Provided information Block Start

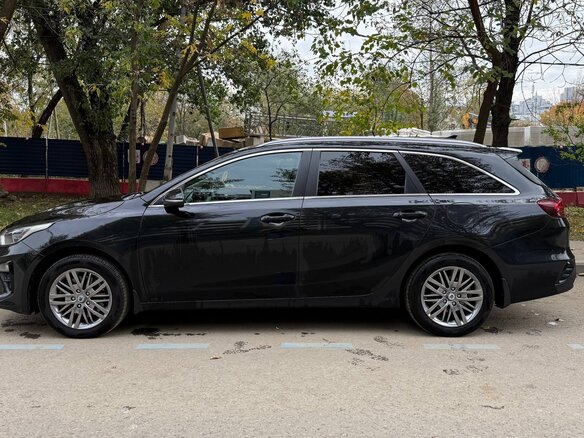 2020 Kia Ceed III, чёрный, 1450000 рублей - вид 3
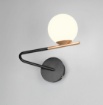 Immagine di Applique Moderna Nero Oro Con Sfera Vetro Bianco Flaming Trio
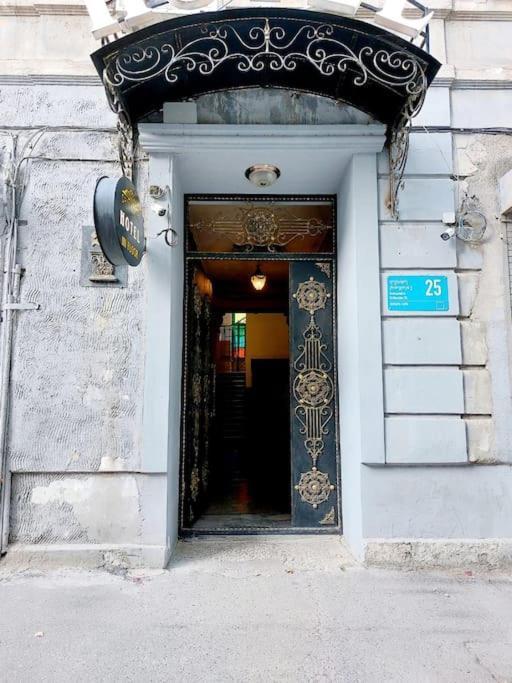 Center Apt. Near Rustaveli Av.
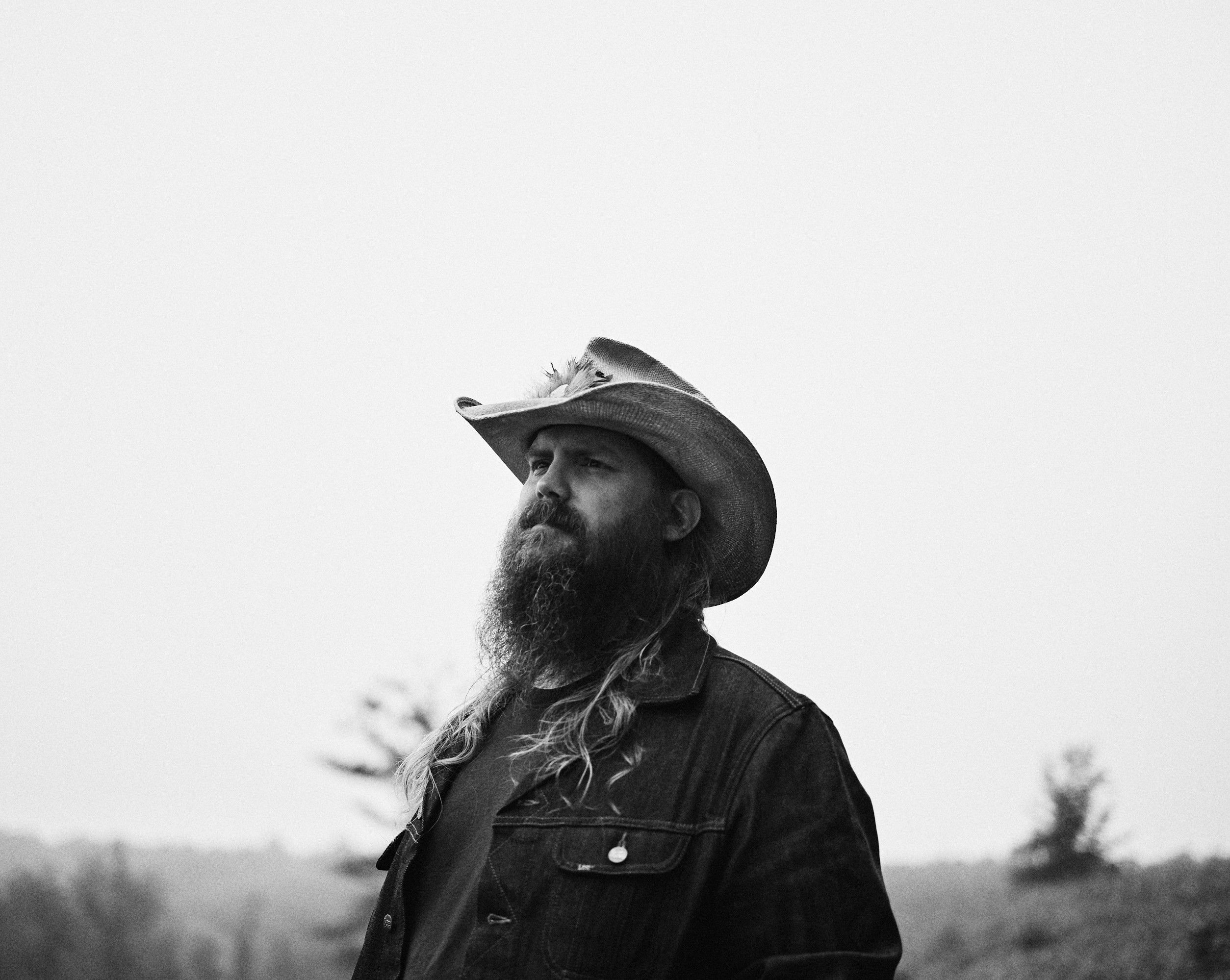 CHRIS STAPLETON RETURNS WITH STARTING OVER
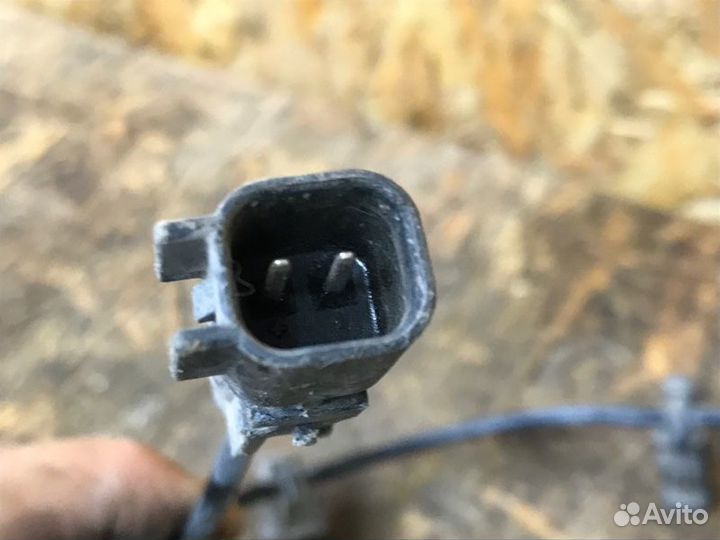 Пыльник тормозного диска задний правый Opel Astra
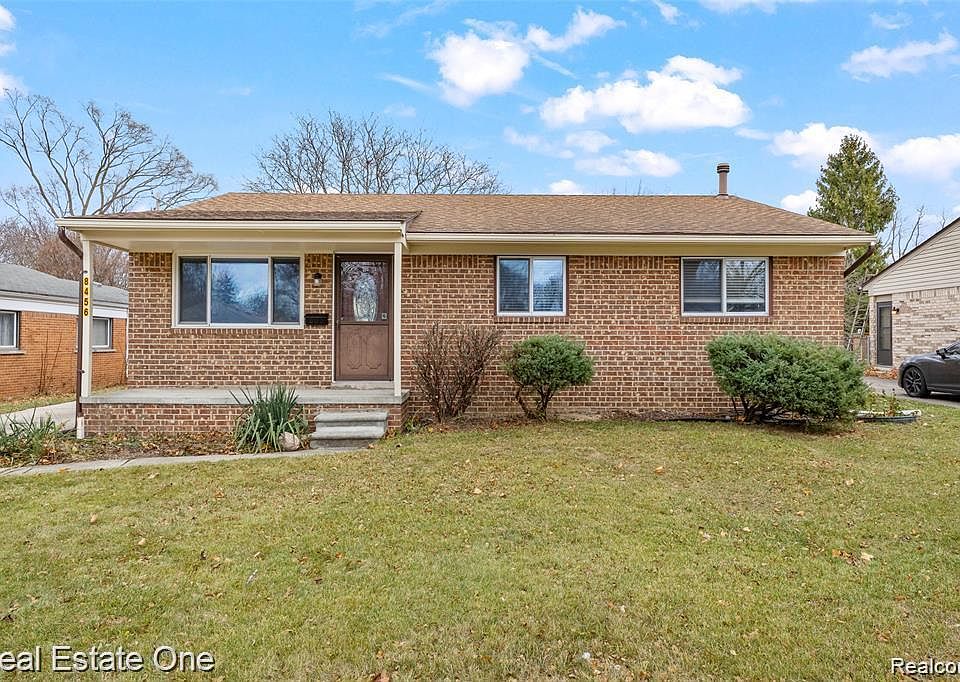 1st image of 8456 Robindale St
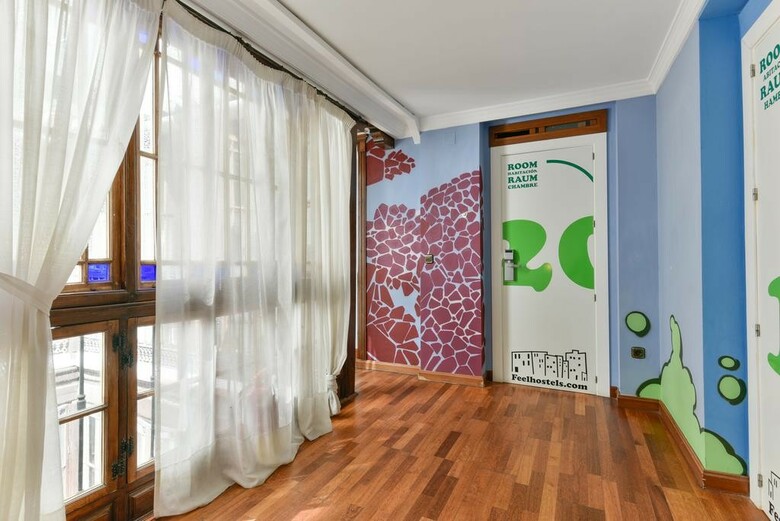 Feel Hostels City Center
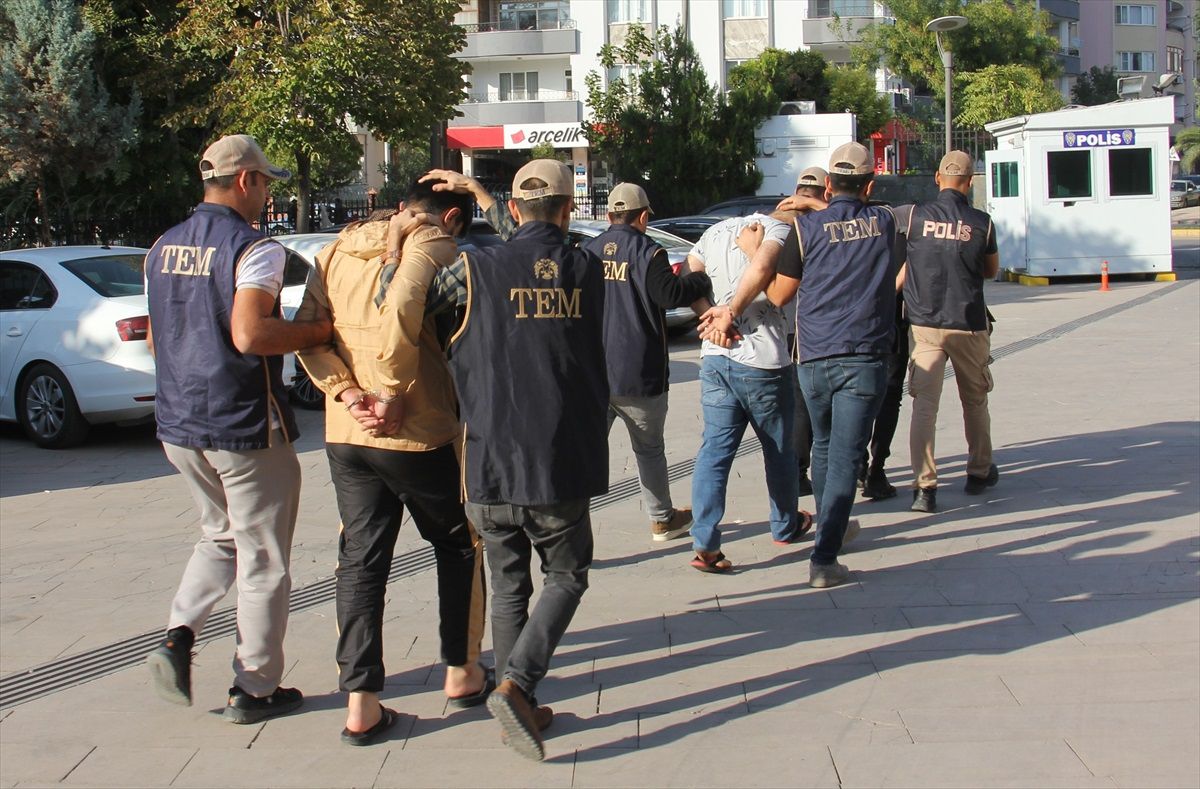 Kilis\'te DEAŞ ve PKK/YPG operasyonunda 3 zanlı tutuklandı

Provided information Block End
Provided information Block Start

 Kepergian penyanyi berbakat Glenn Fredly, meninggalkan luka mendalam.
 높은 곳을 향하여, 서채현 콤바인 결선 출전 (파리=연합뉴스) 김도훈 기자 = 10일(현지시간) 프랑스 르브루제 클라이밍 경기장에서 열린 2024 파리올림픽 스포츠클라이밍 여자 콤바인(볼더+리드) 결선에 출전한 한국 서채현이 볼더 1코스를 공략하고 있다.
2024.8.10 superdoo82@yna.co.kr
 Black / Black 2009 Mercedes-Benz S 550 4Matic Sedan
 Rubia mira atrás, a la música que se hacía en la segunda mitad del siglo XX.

Provided information Block End
Provided information Block Start

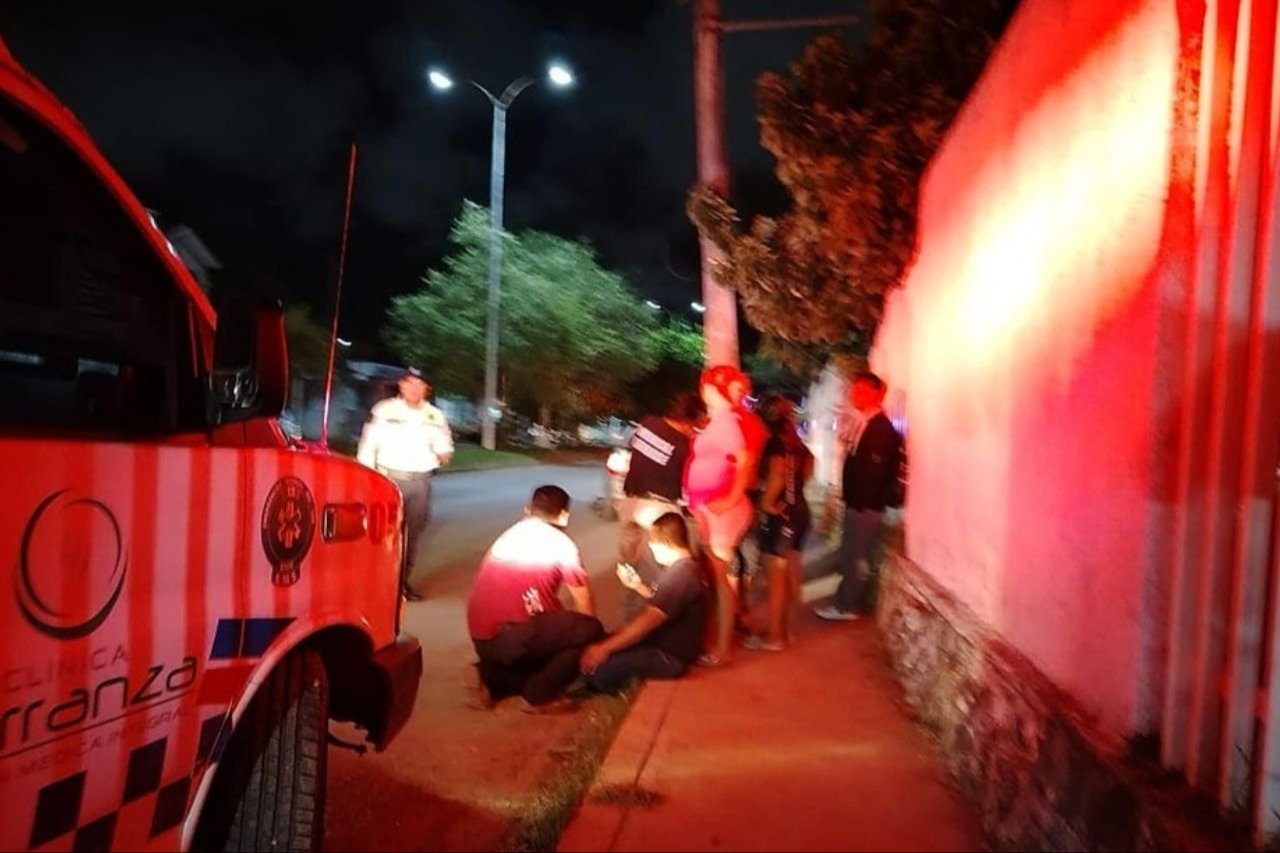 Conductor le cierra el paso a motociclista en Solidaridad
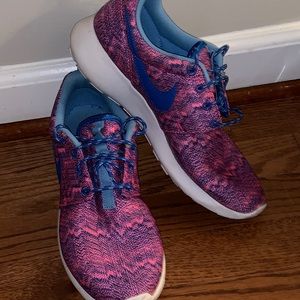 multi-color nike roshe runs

Provided information Block End

▸ **Task goal**
Looking at the records above, return exactly the lines from the line with "Black / Black" to the line with "Rubia mira atrás, a", both ends included.

▸ **Answer area**
 Black / Black 2009 Mercedes-Benz S 550 4Matic Sedan
 Rubia mira atrás, a la música que se hacía en la segunda mitad del siglo XX.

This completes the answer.